● Task item
From the records below, please print only the lines from the one containing "Kut from the" through the one containing "Illustration of making", both included. Skip the pictures.

● Information given

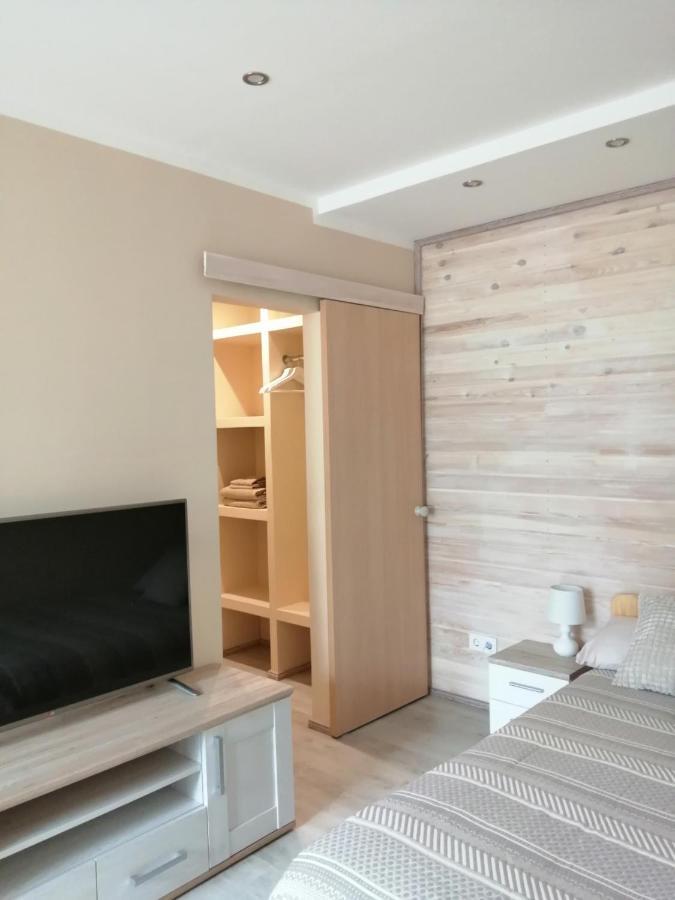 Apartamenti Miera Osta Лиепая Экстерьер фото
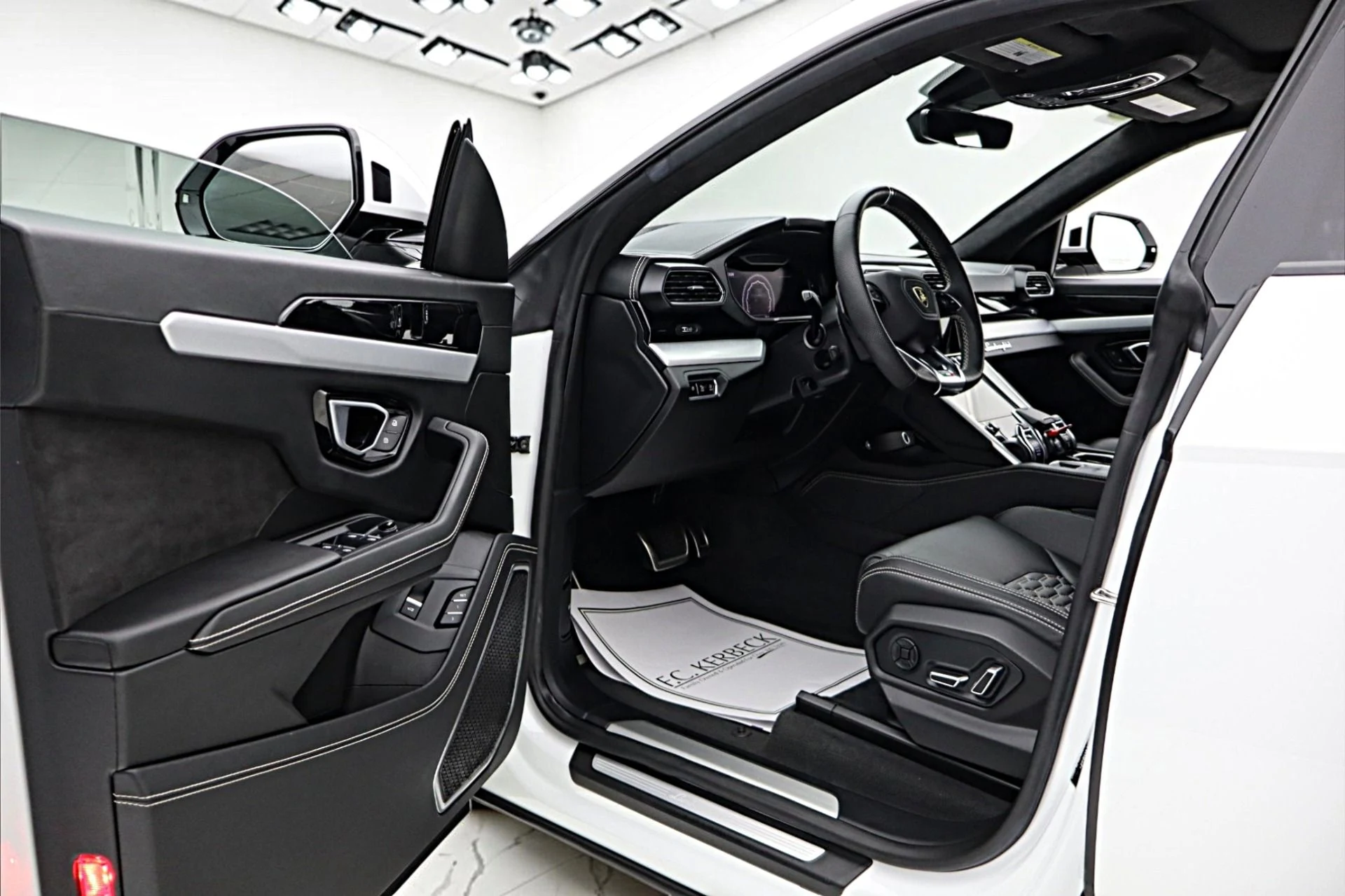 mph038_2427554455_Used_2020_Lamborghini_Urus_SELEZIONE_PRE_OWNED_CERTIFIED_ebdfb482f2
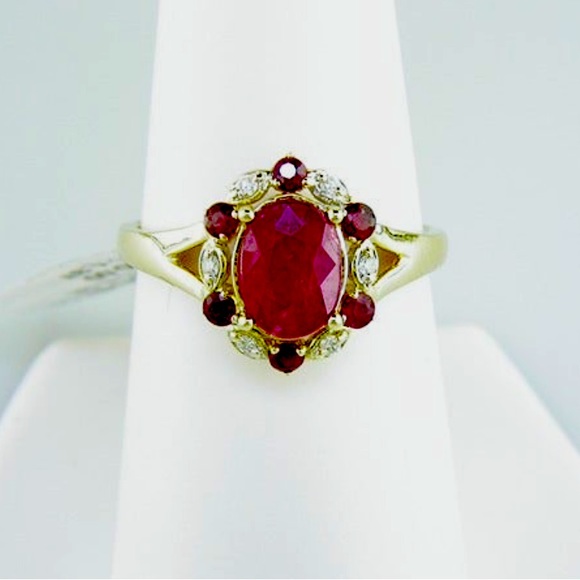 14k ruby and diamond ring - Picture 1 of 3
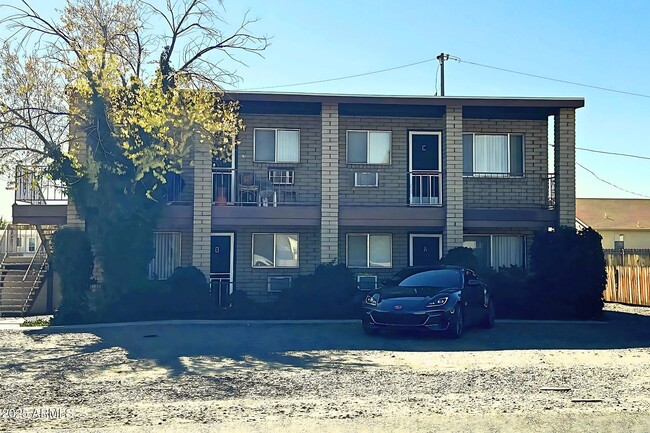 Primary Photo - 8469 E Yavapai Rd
* * *
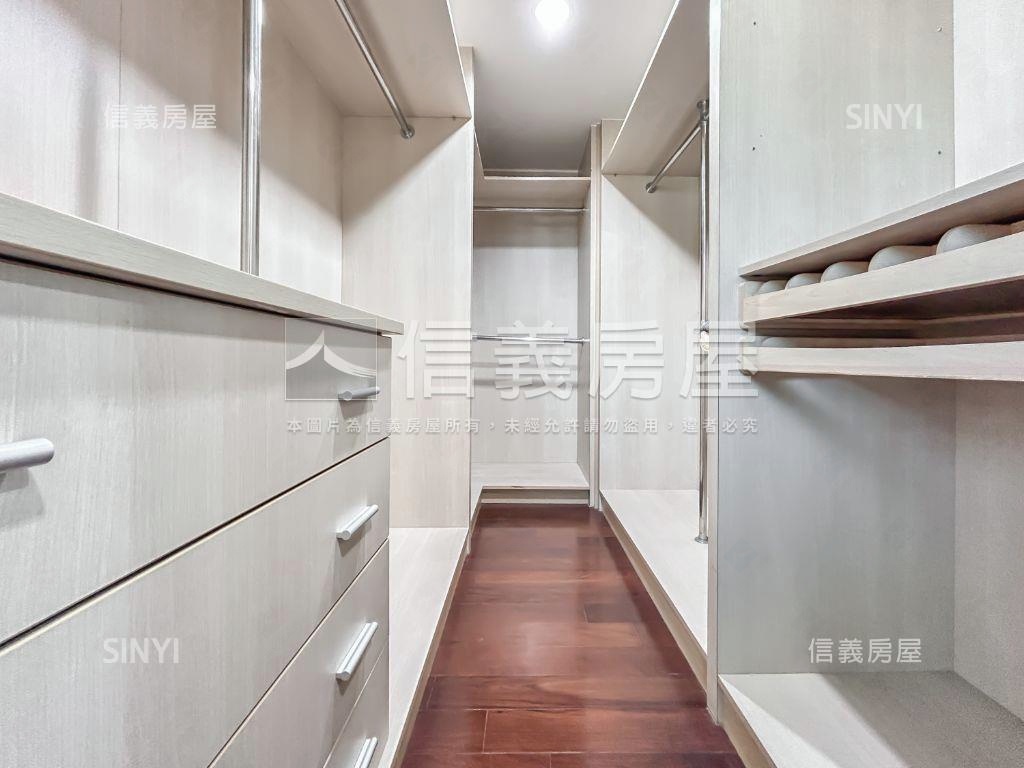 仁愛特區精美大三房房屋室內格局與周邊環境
==
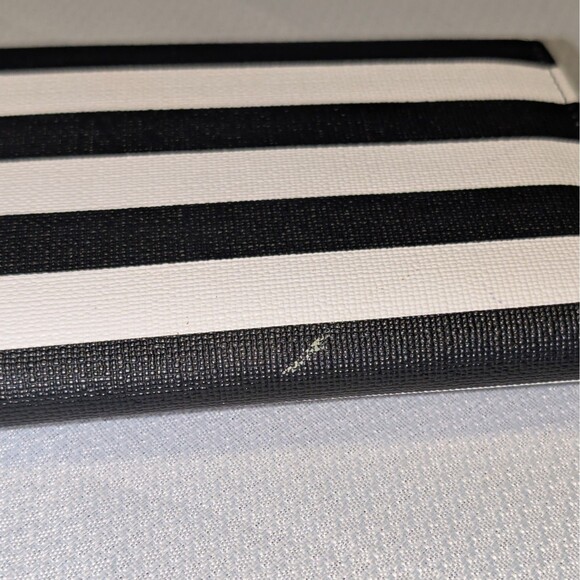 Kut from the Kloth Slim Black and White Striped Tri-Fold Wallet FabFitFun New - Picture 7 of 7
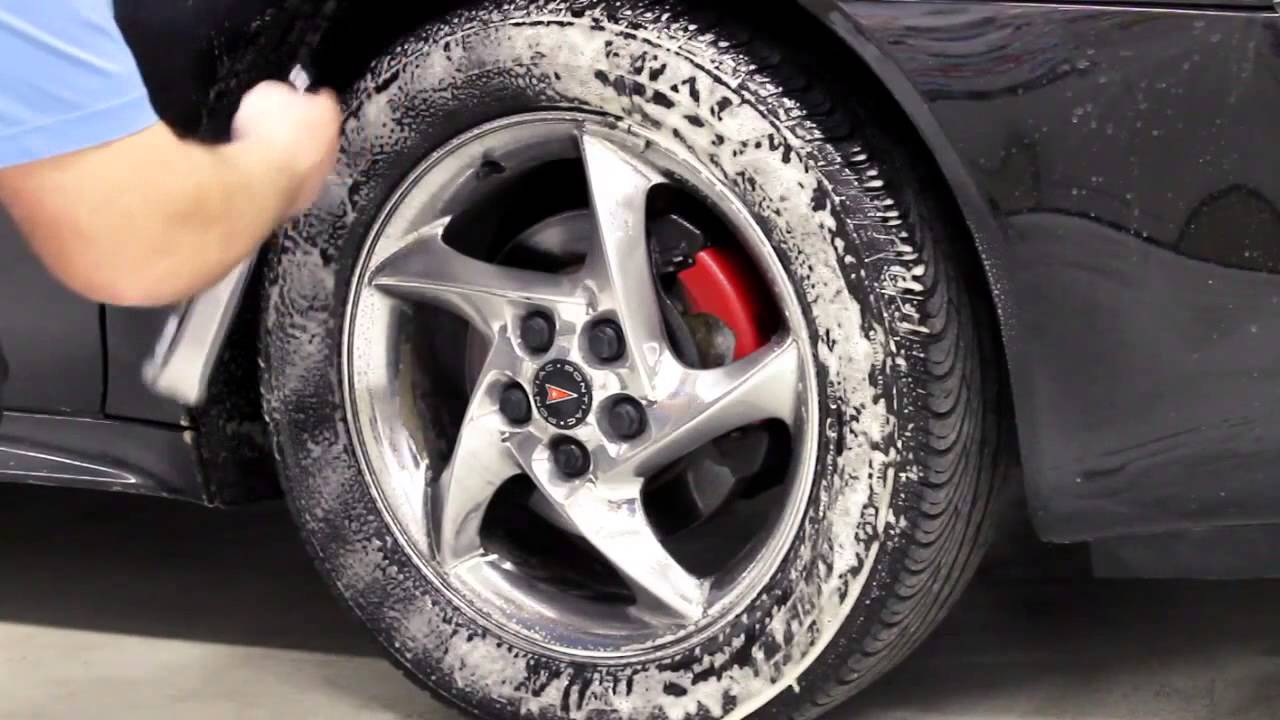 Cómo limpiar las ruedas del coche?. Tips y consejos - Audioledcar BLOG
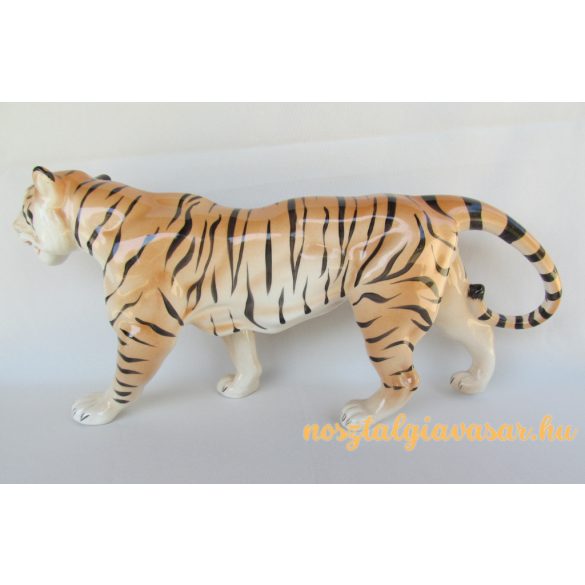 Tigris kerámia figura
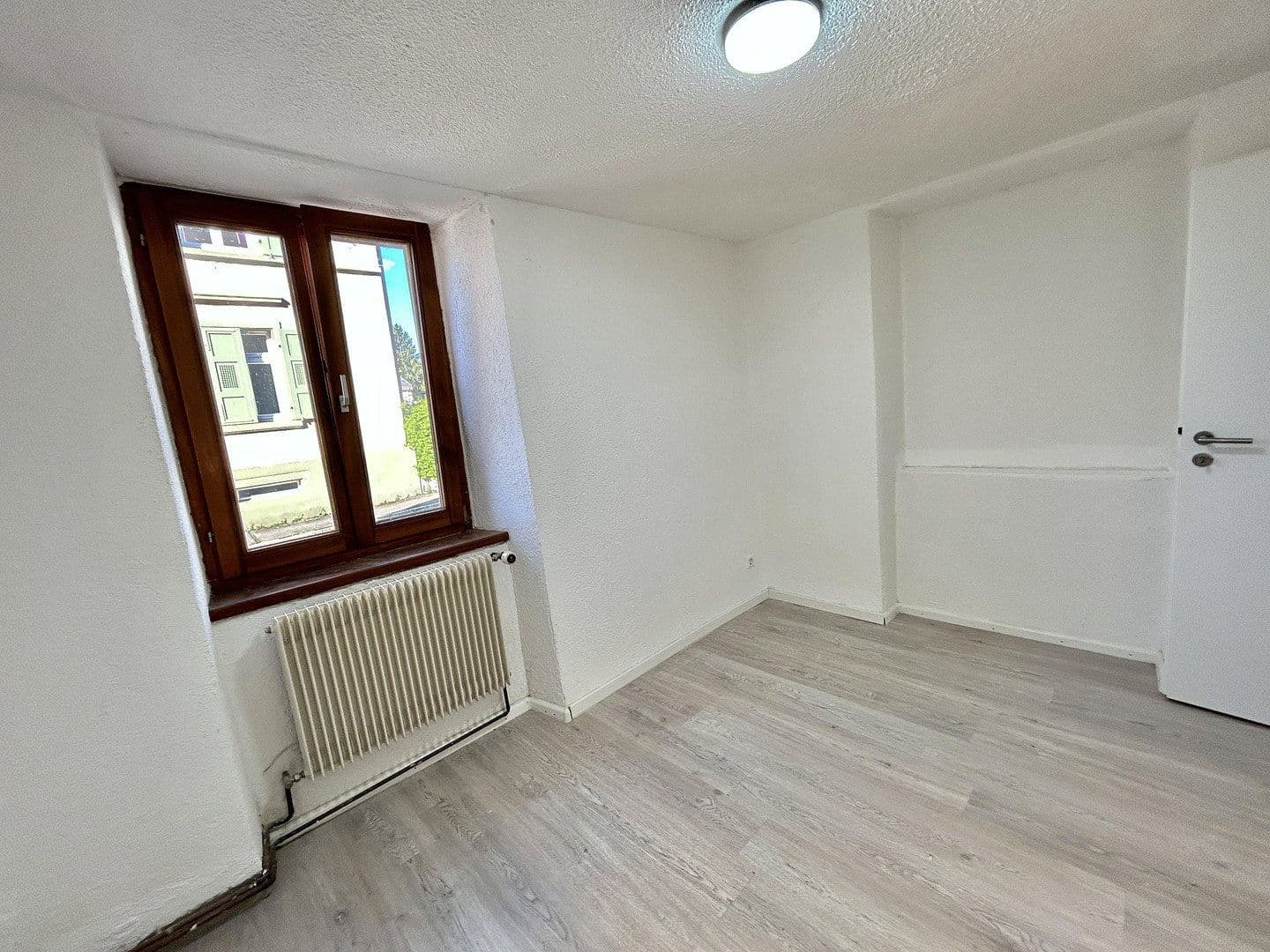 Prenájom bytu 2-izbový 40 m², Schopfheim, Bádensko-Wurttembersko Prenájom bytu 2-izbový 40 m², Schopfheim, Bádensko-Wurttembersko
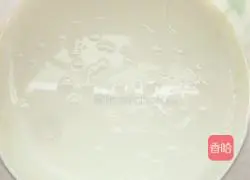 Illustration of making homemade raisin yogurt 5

● Answer to this task
 Kut from the Kloth Slim Black and White Striped Tri-Fold Wallet FabFitFun New - Picture 7 of 7
 Cómo limpiar las ruedas del coche?. Tips y consejos - Audioledcar BLOG
 Tigris kerámia figura
 Prenájom bytu 2-izbový 40 m², Schopfheim, Bádensko-Wurttembersko Prenájom bytu 2-izbový 40 m², Schopfheim, Bádensko-Wurttembersko
 Illustration of making homemade raisin yogurt 5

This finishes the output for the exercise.